The Boston Globe has the story of Harvard University’s humanist chaplain Greg Epstein, and the work he and others are doing to promote and research the most effective ways for secular/humanist/atheist/etc. groups to organize. It’s what I consider to be an unusually fair treatment of atheist causes from the mainstream media, and I recommend reading the entire article linked above.

But the part that really caught my eye, and is at the same time encouraging and challenging to atheists:

Using his group as a sort of laboratory, Epstein plans to spend the next three years investigating how humanist groups should function.

“People get a lot of benefits from their religious communities including profound ways of filling existential needs, like commemorating significant events in their lives,’’ said James Croft, a doctoral student at Harvard Graduate School of Education who is heavily involved with the Humanist Community Project. “Just because they leave behind their religious beliefs doesn’t mean they stop having those needs.

“But secular society has not yet come up with a way to give them moments of significance with the same level of beauty and care that goes into religious ceremonies. That is a big gap.’’

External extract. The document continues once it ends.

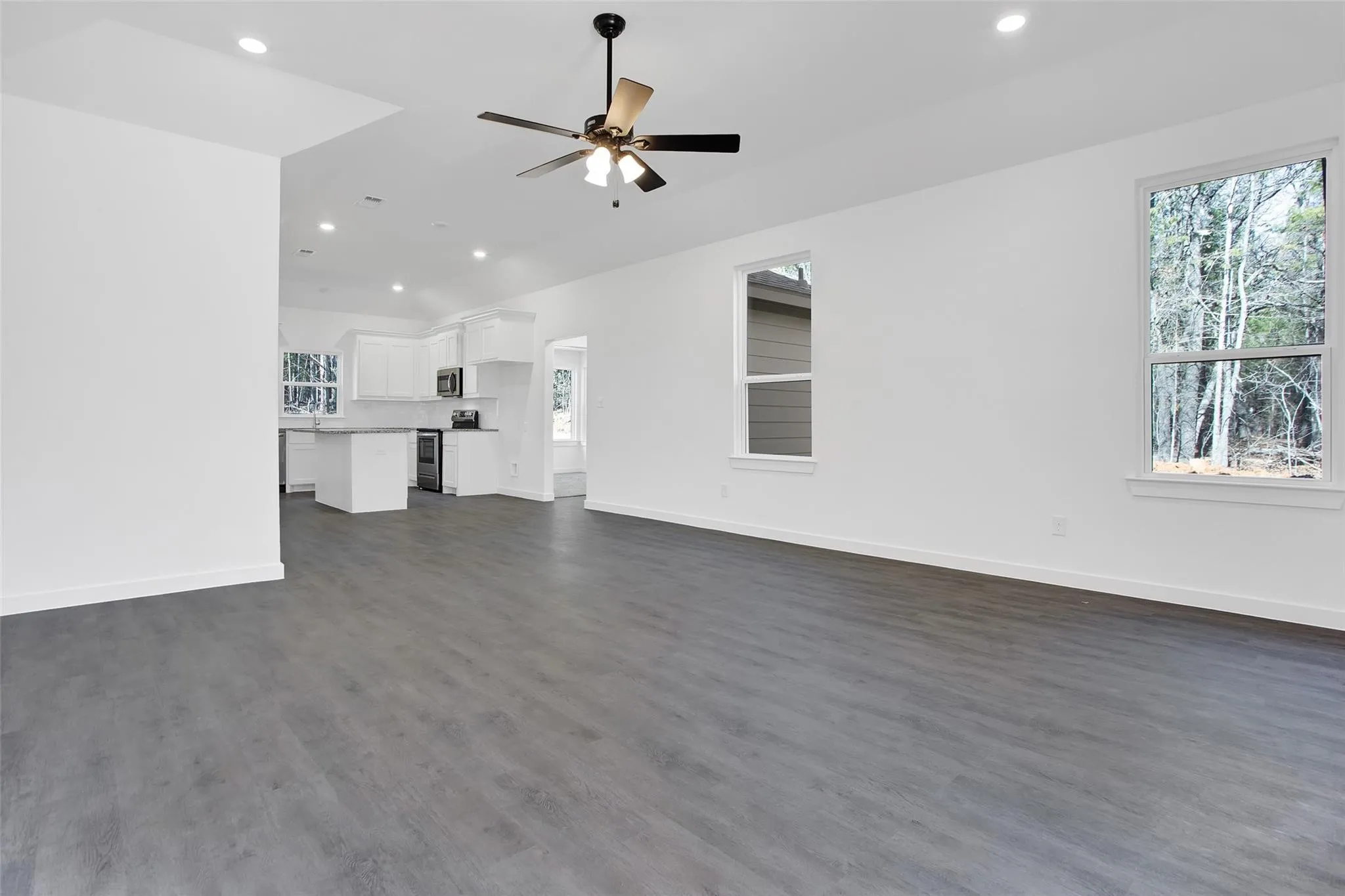 Single Family Residence For Rent in Grayson County , 1483 Cathey Drive, Denison, Texas 75020, 4 Bedroom, 3 Bathroom, 2 Garage spaces, 1,604 Sqft, built in 2023, mls#21385737, Real Estate Agent in Denison, Homes For Rent in Grayson county, Homes For Rent in Denison, Realtor in Denison Texas, Real Estate Brokerage Independent Realty Texas, Luminita Cordes Realtor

To me, it’s great news that Epstein will be working on discovering more effective organizational methods for secular groups. There are a lot of people out there who really are not believers, but they cling to their respective religions because they’re afraid of losing the many (very real) benefits which come about as being part of a community. Atheists have comparatively underdeveloped social support networks and far less extensive community organizational structures than organized religion tends to have.

We can, and need to do better.

But many atheists tend not to be joiners as a general practice, or have a certain distrust of the more negative aspects of group dynamics such as peer pressure to conform. In fact, for many who left the religions they grew up with, possessing those instincts was a large part of their deconversion.

So there are two forces pulling in opposite directions which the atheist community needs to reconcile. Pulling one way, the need to organize if we are to establish strong, supportive communities which can serve as foundations for humanitarian efforts, venues for networking with people who share similar values, and importantly, establish political clout to defend the separation of church and state, keep religion out of science classrooms, and demand fair representation and rights for nonbelievers. Pulling in the opposite direction, the fact that many of us happen to be fairly individualistic, wary of group think, anti-authoritarian, and (keeping it real) argumentative.

I don’t think these two sides are beyond reconciliation. Working towards a better understanding of what works and what doesn’t when it comes to organizing atheists should reap some real rewards in the future.